An astrocytoma can be either asymptomatic (usually in the early stages) or symptomatic. The generalized clinical signs include headache, nausea, and vomiting. While the focal signs (which are due to regional brain tissue damage) comprise defects in vision, hearing, and speech. High-grade astrocytomas (WHO Grades–III&IV) show rapid progression of symptoms (few weeks). Headache from CNS tumors is mostly tension-type, bifrontal (both sides of the forehead), constant and dull. Low-grade astrocytomas typically present with seizures. ECF obstruction leads to an increase in the intracranial pressure (ICP). The classic triad of increased ICP includes headache, nausea, and papilledema (swelling in the nerve of the eye). ICP signs in infants comprise an enlarged head with prominent scalp veins. The typical signs of a brain tumor include mental confusion, learning impairment, disturbed vision, seizures, and ataxia (poor muscular control). Astrocytoma is often associated with other diseases, such as Li Fraumeni syndrome (Tp53 syndrome), Turcot Lynch syndrome (DNS mismatch repair loss), and Neurofibromatosis (NF) type 1 & 2, and Tuberous Sclerosis Complex (TSC). ​ The laboratory investigations required are baseline blood tests such as complete blood picture (CBC), prothrombin time (PT), and activated partial thromboplastin time (aPTT). ​ Neuroimaging mainly Magnetic Resonance Imaging (MRI) with contrast (gadolinium) is the preferred imaging modality for diagnosing astrocytoma. Astrocytomas appear hyperintense on T2 MRI and isointense/hypointense on T1 MRI. The appearance of new enhancement in a previously non-enhancing lesion indicates tumor progression. ​ Histology (study of cell features) has long been the gold standard of diagnosis, classification, and prognostic prediction for astrocytomas. The histologic examination is carried out with biopsy (either open or 3 dimensional image-guided stereotactic) and/or histochemistry (immunohistochemistry, light electron microscopy, or cytogenic analysis).

Quality of life

A study that was conducted based on the surveillance, epidemiology, and end results (SEER) database for the period 1999-2010, to analyze the overall survival (OS) related to radiation therapy and EOR in patients with astrocytoma, found an improvement in OS during that decade. They reported a median survival of 5-8 years, 3 years, and 12-18 months in patients with WHO grade II, III, and IV astrocytoma, respectively, and that gross total resection is typically curative for WHO grade I astrocytoma. This study also reported that EOR and post-surgical residual volume of the tumor are independent determinants of HRQL. The estimated disease burden on HRQL in patients with malignant astrocytomas reported that these symptoms – fatigue, uncertainty or anxiety about the future, motor difficulties, drowsiness, communication difficulties, and headache were experienced by >50% of the patients. Additionally, patients with recurrent glioblastoma multiformat reported >50% frequency for visual problems and pain. Radiotherapy and the ongoing corticosteroid therapy could be the cause of prolonged fatigue in these patients.
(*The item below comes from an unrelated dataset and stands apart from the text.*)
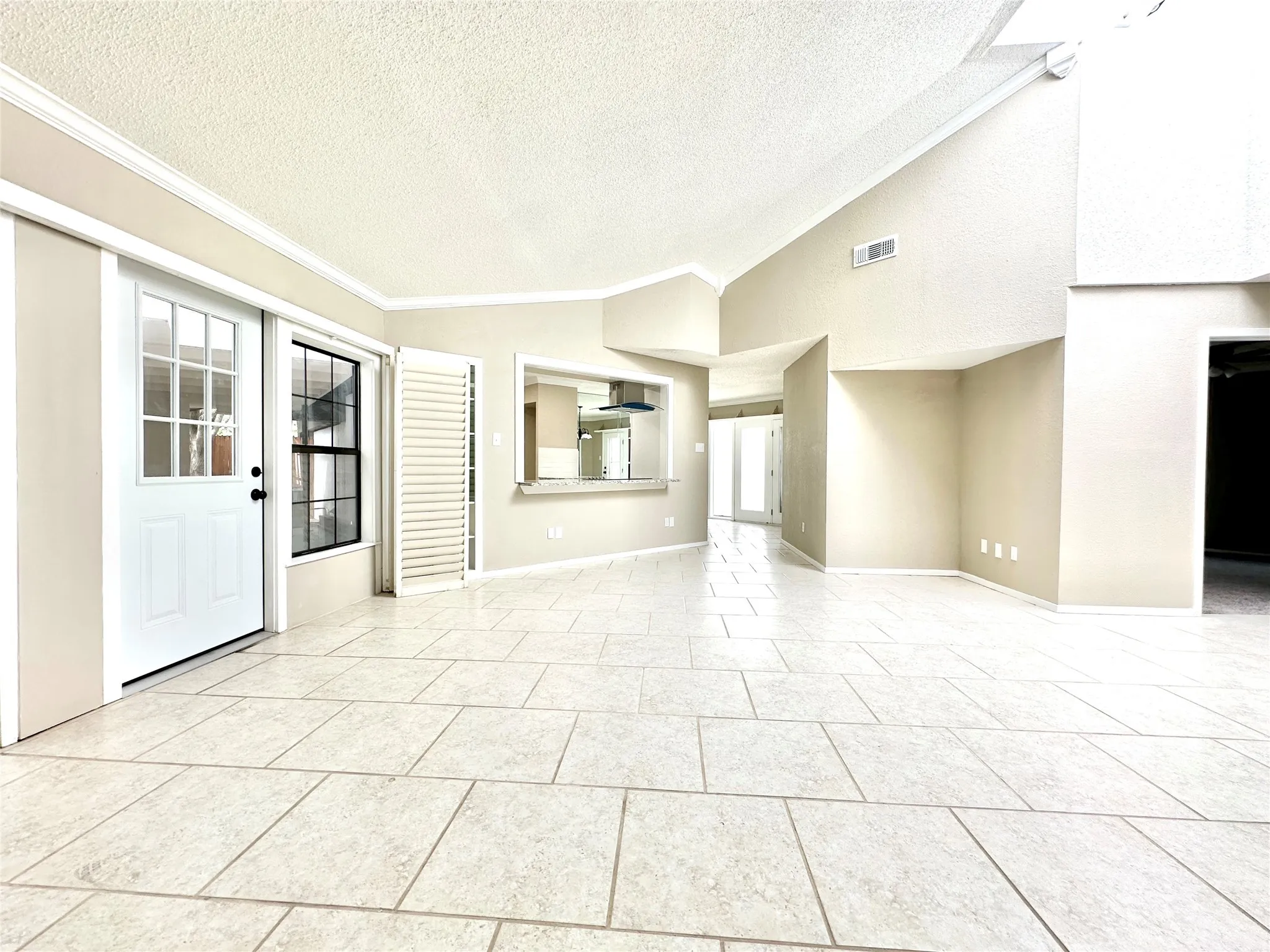 Townhouse For Sale in Midland County , 4717 Fielder Street, Midland, Texas 79707, 3 Bedrooms, 3 Bathrooms, 2 Garage spaces, 1,500 Sqft, built in 1982, Preowned, Price $245,000, mls#20735319, Real Estate Agent in Midland, Homes For Sale in Midland county, Homes For Sale in Midland, Realtor in Midland Texas, Real Estate Brokerage Independent Realty Texas, Luminita Cordes Realtor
Thus, it can be concluded that high-grade astrocytomas have a significant negative impact on HRQL post-treatment, especially when recurrent, while low-grade tumors are associated with a relatively better HRQL. Therapy or counseling has proved successful in improving or maintaining HRQL in patients with astrocytoma, even though it cannot significantly improve their OS.